• How to complete this task
Across the data below, how many lines have the word "with" in them? Give the number and nothing else.

• Data records
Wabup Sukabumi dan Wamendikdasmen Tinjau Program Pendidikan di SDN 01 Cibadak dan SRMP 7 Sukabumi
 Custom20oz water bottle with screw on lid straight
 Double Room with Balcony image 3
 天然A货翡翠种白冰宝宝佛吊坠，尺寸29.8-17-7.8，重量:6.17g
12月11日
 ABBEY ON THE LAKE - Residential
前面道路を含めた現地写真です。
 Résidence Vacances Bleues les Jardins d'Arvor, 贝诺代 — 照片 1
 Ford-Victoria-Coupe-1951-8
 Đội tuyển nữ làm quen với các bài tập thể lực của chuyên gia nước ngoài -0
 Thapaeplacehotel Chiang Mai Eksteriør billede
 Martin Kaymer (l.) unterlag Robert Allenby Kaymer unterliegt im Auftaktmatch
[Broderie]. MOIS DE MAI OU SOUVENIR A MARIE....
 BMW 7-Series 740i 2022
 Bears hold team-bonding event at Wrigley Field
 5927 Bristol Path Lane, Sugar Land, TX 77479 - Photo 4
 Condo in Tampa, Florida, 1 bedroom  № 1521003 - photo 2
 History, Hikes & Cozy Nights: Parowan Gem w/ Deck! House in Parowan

• Your solution
2